Problem to work on
All of the data, word for word and free of pictures, is the expected result.

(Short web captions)
-- -- --

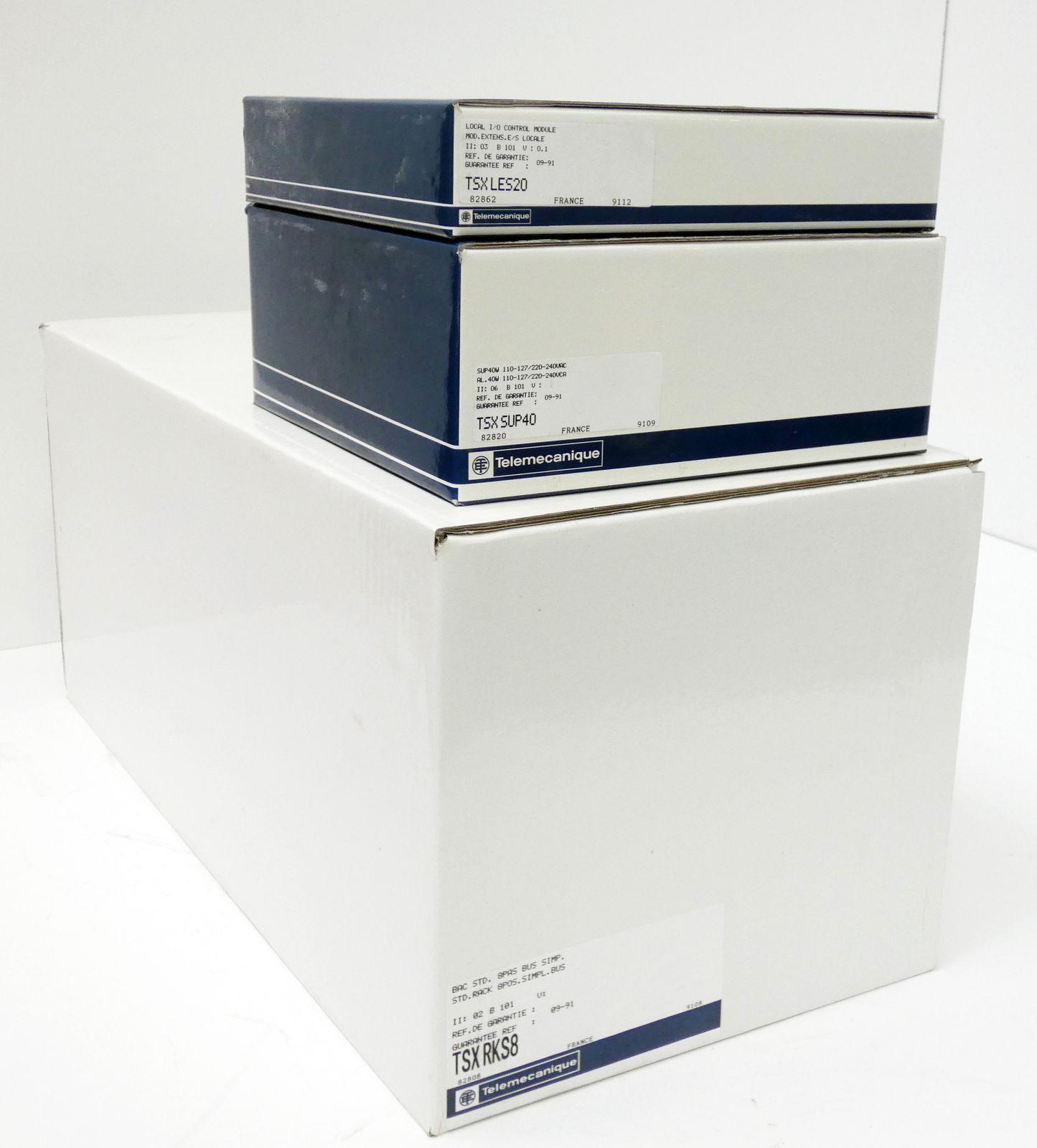 TSX RSE 40 TSX LES20 TSX SUP40 TSX RKS8 Original Box-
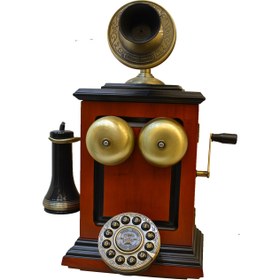 تصویر تلفن کلاسیک مدل 1902 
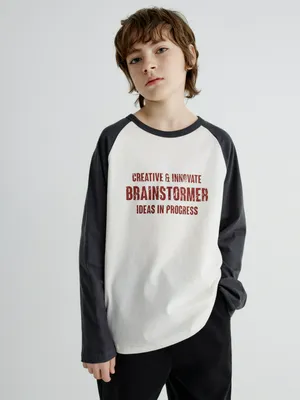 Лонгслив SELA с принтом, арт. 32950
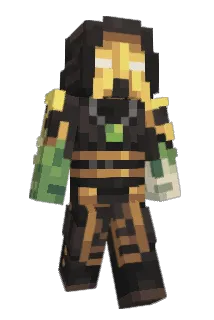 Vaderkon1 Minecraft avatar full body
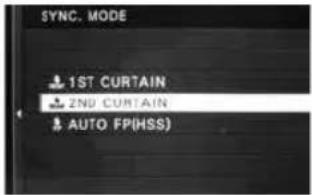 Hähnel MODUS 600RT - Second-Curtain Sync - 3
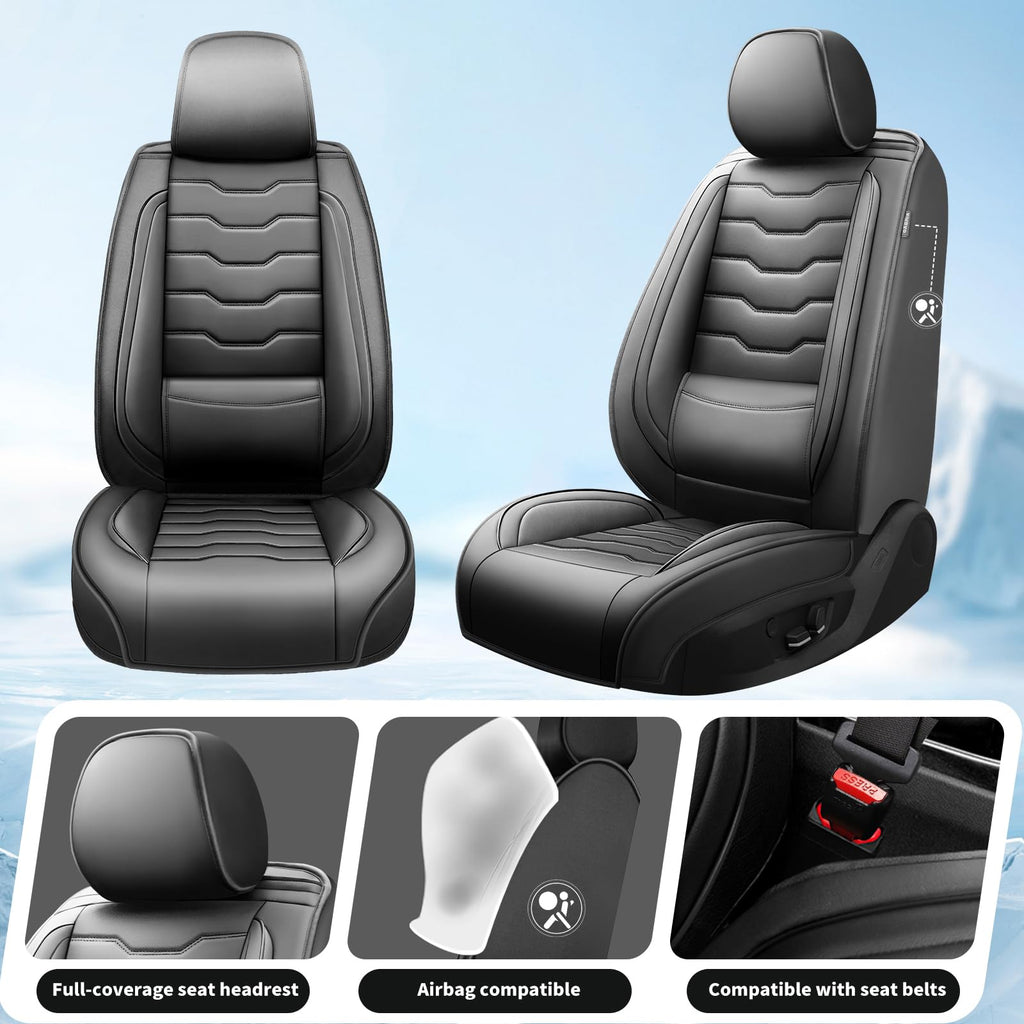 Black Car Seat Covers J105890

-- -- --

Task solution
 TSX RSE 40 TSX LES20 TSX SUP40 TSX RKS8 Original Box-
 تصویر تلفن کلاسیک مدل 1902 
 Лонгслив SELA с принтом, арт. 32950
 Vaderkon1 Minecraft avatar full body
 Hähnel MODUS 600RT - Second-Curtain Sync - 3
 Black Car Seat Covers J105890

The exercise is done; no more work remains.